The foundation had 2.97 billion kronor ($448 million) in investments at the end of 2011, corresponding to an 18 percent slump from its 2007 level, according to its Web site. The decline prompted a cut in this year’s prize amount to 8 million kronor, from 10 million kronor to safeguard Nobel’s capital.

‘Difficult Decision’

“It was a difficult decision to take, since Nobel when he wrote his will made clear he wanted his money to be used for prizes,” said Heikensten, a former governor of the Swedish central bank.

An economics prize was created by Sweden’s Riksbank in 1968. Alvin E. Roth and Lloyd S. Shapley shared the award this year for their work on matching supply and demand. Previous laureates include Milton Friedman and Paul Krugman. The 2012 peace prize went to the European Union.

“We live in difficult times and had not been as successful as one would have wanted in the last 10 years,” Heikensten said. The foundation “had in fact been spending more every year on average than” it had been earning, “and we had to do something,” he said.

The fund has returned 1.5 percent to 2 percent, on average, over the past 10 years, below the 3.5 percent to 4 percent needed to keep its capital stable, according to Heikensten.

Chasing Returns

Average hedge fund returns don’t suggest the Nobel Foundation will be much better off. The HFRX Global Hedge Fund Index, a measure of hedge fund performance, has gained 2.4 percent in the first 11 months of this year. The MSCI world index of global stocks returned 11 percent in the same period, though it fell 26 percent between the end of 2007 and the end of 2011.

In 2011, 47 percent of the Nobel foundation’s invested capital was in equities, down from 67 percent in 2007, according to its website. Over the same period, stakes in alternative investments rose to 33 percent from 12 percent, driven by an increase in allocations to hedge-funds and private equity funds to 24 percent, from 6 percent in 2007. Fixed-income investments were at 20 percent, versus 21 percent in 2007.

While the average return on the foundation’s total investments stood at 0.6 percent in those five years, the equities portfolio had a loss of 2.4 percent.

Nobel’s Will

Alfred Nobel signed his will in 1895, a year before his death, stipulating that most of his estate of more than 31 million kronor -- about 1.7 billion in today’s money -- should be converted into a fund and invested in “safe securities.”

Following two world wars, the foundation changed its investment policy with the backing of the Swedish government in the 1950s, after the total amount managed fell. Since then, it has been allowed to invest in bonds, secured loans, real estate and most types of stocks. This, together with a tax-exemption in 1946, helped the Nobel Foundation reverse the trend of declining assets under management and the real value of the prize amount in kronor terms was restored by 1991.

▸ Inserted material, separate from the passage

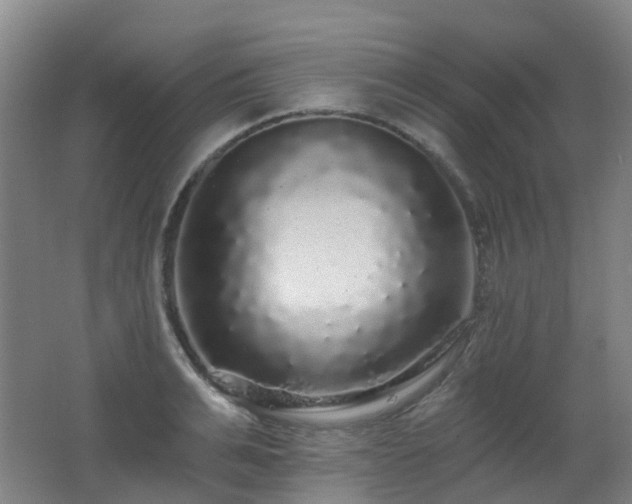 X0000062640991200512211159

The Nobel Foundation is also trying to cut costs and has approached suppliers of its lavish award banquet -- held each year on Dec. 10 in Stockholm City Hall, after the prizes are announced -- in an effort to negotiate price cuts as steep as 20 percent. The roughly 1,300 guests include the Swedish royal family.

The state of the foundation’s finances is “definitely not a crisis,” he said. “We could have gone on like that for 30 years, but it’s better to start doing something in good time.”

Cost Cuts

The Nobel Foundation wants to cut annual costs by about 20 percent to match the reduction in the prize money, Heikensten said.

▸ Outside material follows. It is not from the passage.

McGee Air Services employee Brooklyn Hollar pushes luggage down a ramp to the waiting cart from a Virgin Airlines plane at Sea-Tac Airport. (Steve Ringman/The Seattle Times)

The foundation has also brought in external advisors and will cut the number of investment alternatives to as low as 20, from 40 previously. That will make investing more manageable, Heikensten said. All the measures together will help bring returns to 3 percent, he said.

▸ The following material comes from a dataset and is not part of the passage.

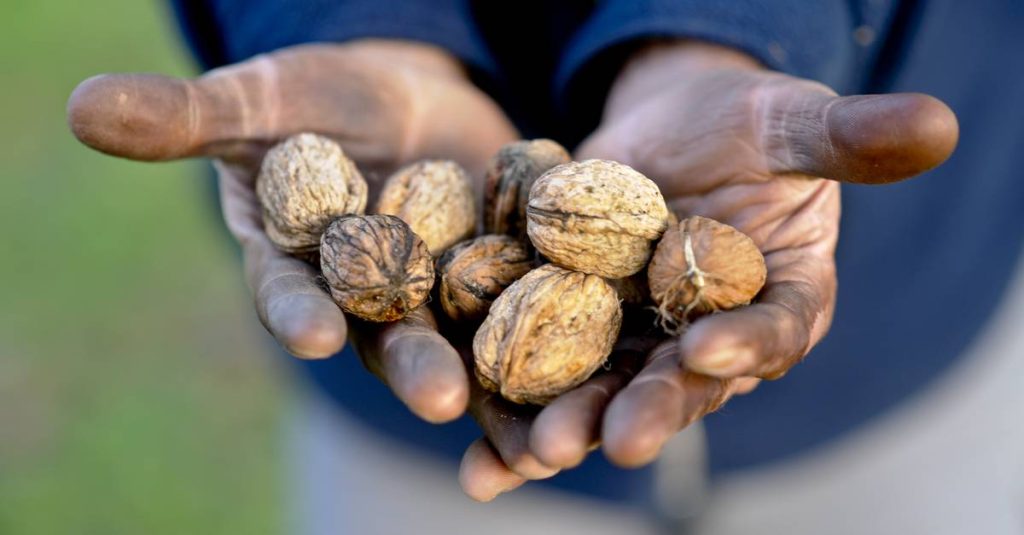 چگونه رنگ پوست گردو را از دست پاک کنیم؛ 12 روش موثر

“It will depend on the world economy, and the situation is difficult, but I think it should be achievable,” Heikensten said. “We definitely don’t want the prize to go down, and I think we should have the ambition to keep its value in real terms in Swedish kronor, which has been the case since 1901 -- that’s the minimum ambition one should have,” he said.

The 10 million kronor paid to laureates last year is equivalent to 123 percent of the inflation-adjusted amount first awarded in 1901. This year’s prize, in real terms, was less than the original award for the first time since 1990, according to information available on the Nobel Foundation’s website.